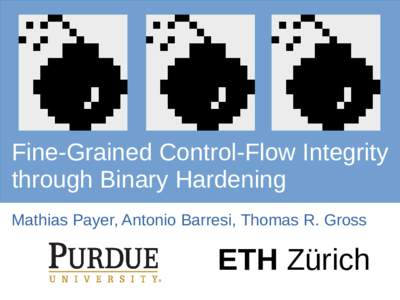 Fine-Grained Control-Flow Integrity through Binary Hardening Mathias Payer, Antonio Barresi, Thomas R. Gross ETH Zürich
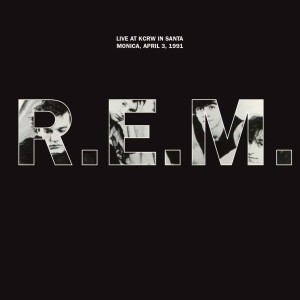 REM REM - LIVE AT KCRW SANTA MONICA 1991
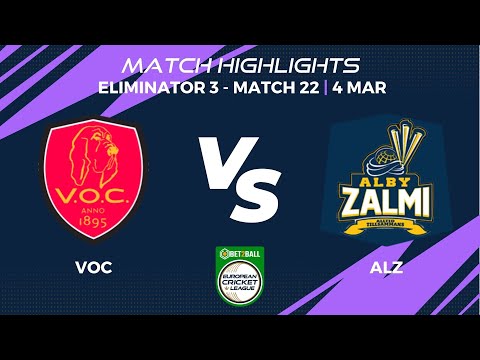Eliminator 3 - VOC vs ALZ|Highlights|Bet2Ball European Cricket League Day 5, Group D|ECL22|ECL22.094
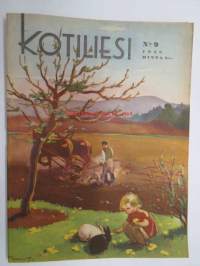 Kotiliesi 1945 nr 9, toukokuu   Kansikuva Martta Wendelin; kevätkylvö.  Puutalo Oy, Tyttärien kerho, Nykyhetken kansanhuoltonäköaloja, Ajankuvaa kevät 1945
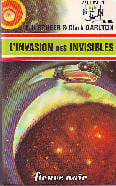 L'INVASION DES INVISIBLES. SCHEER K.H. ET DARLTON CLARK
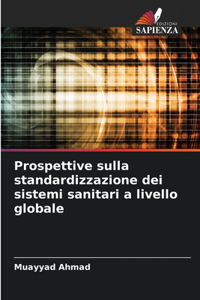 Prospettive sulla standardizzazione dei sistemi sanitari a livello globale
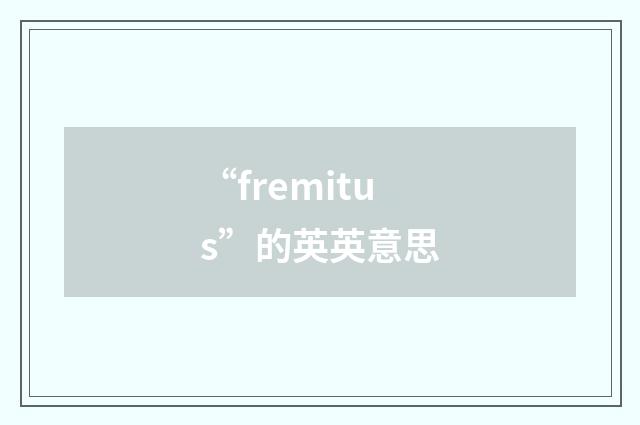 “fremitus”的英英意思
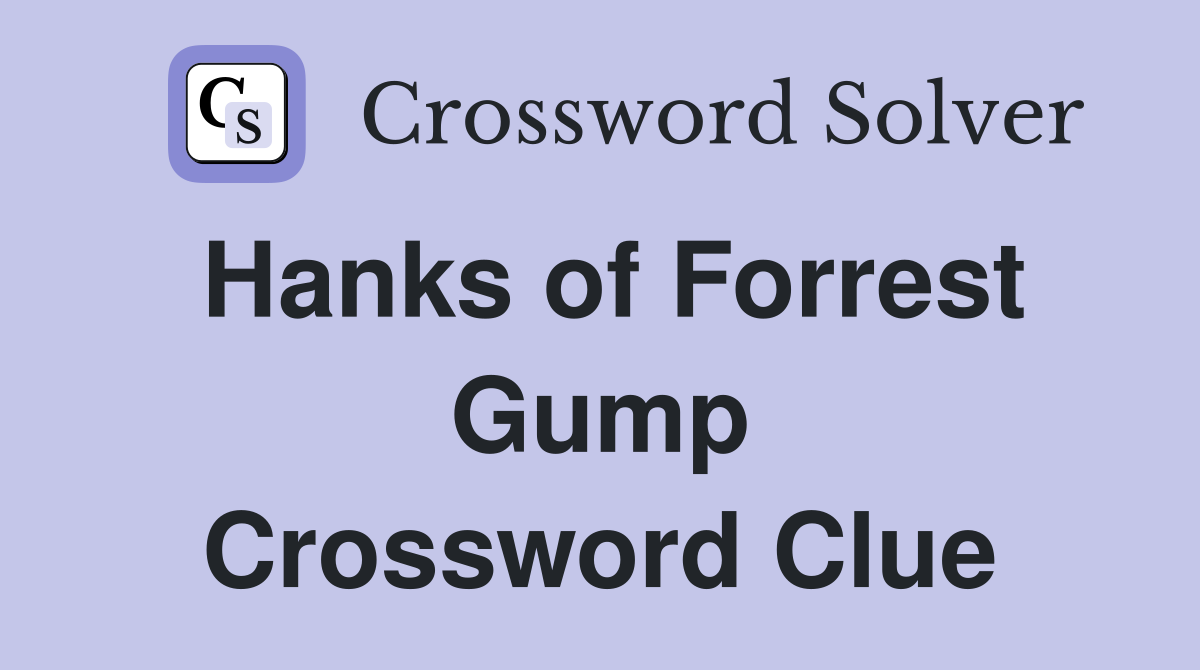 Hanks of Forrest Gump Crossword Clue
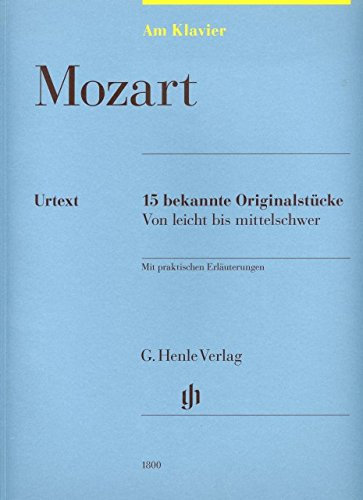 HENLE VERLAG 15 bekannte Originalstuecke - arrangiert für Klavier [Noten/Sheetmusic] Komponist: Mozart Wolfgang Amadeus aus der Reihe: Am Klavier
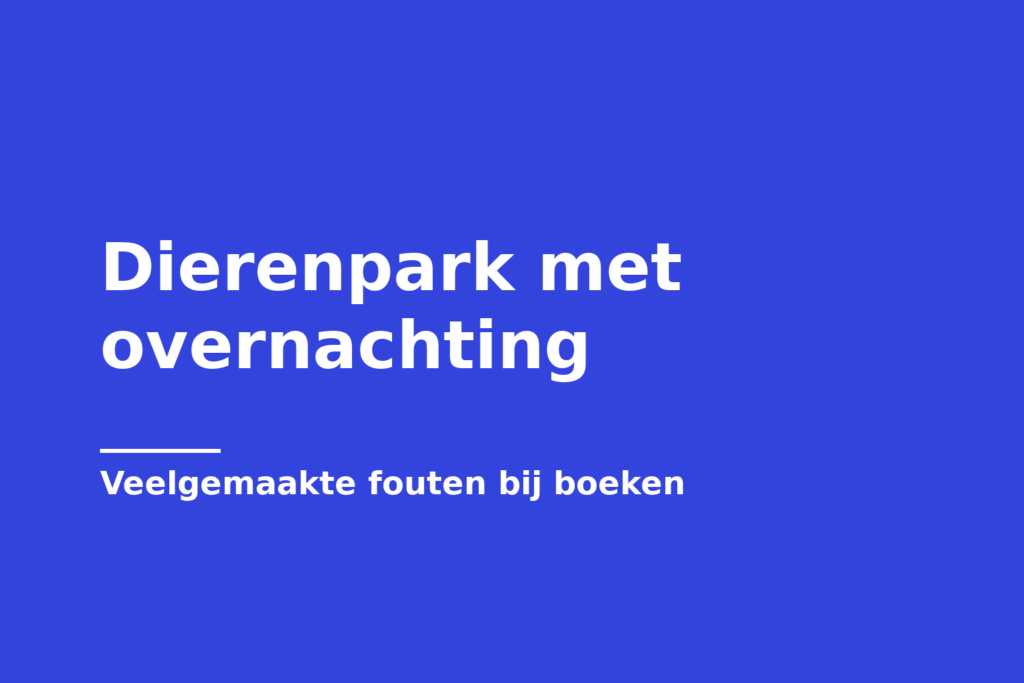 Dierenpark met overnachting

**WHAT YOU NEED TO DO**
Restate the listing word for word. Pictures do not belong in the copy.

**TASK RESPONSE**
 Fine-Grained Control-Flow Integrity through Binary Hardening Mathias Payer, Antonio Barresi, Thomas R. Gross ETH Zürich
 REM REM - LIVE AT KCRW SANTA MONICA 1991
Eliminator 3 - VOC vs ALZ|Highlights|Bet2Ball European Cricket League Day 5, Group D|ECL22|ECL22.094
 Kotiliesi 1945 nr 9, toukokuu   Kansikuva Martta Wendelin; kevätkylvö.  Puutalo Oy, Tyttärien kerho, Nykyhetken kansanhuoltonäköaloja, Ajankuvaa kevät 1945
 L'INVASION DES INVISIBLES. SCHEER K.H. ET DARLTON CLARK
 Prospettive sulla standardizzazione dei sistemi sanitari a livello globale
 “fremitus”的英英意思
 Hanks of Forrest Gump Crossword Clue
 HENLE VERLAG 15 bekannte Originalstuecke - arrangiert für Klavier [Noten/Sheetmusic] Komponist: Mozart Wolfgang Amadeus aus der Reihe: Am Klavier
 Dierenpark met overnachting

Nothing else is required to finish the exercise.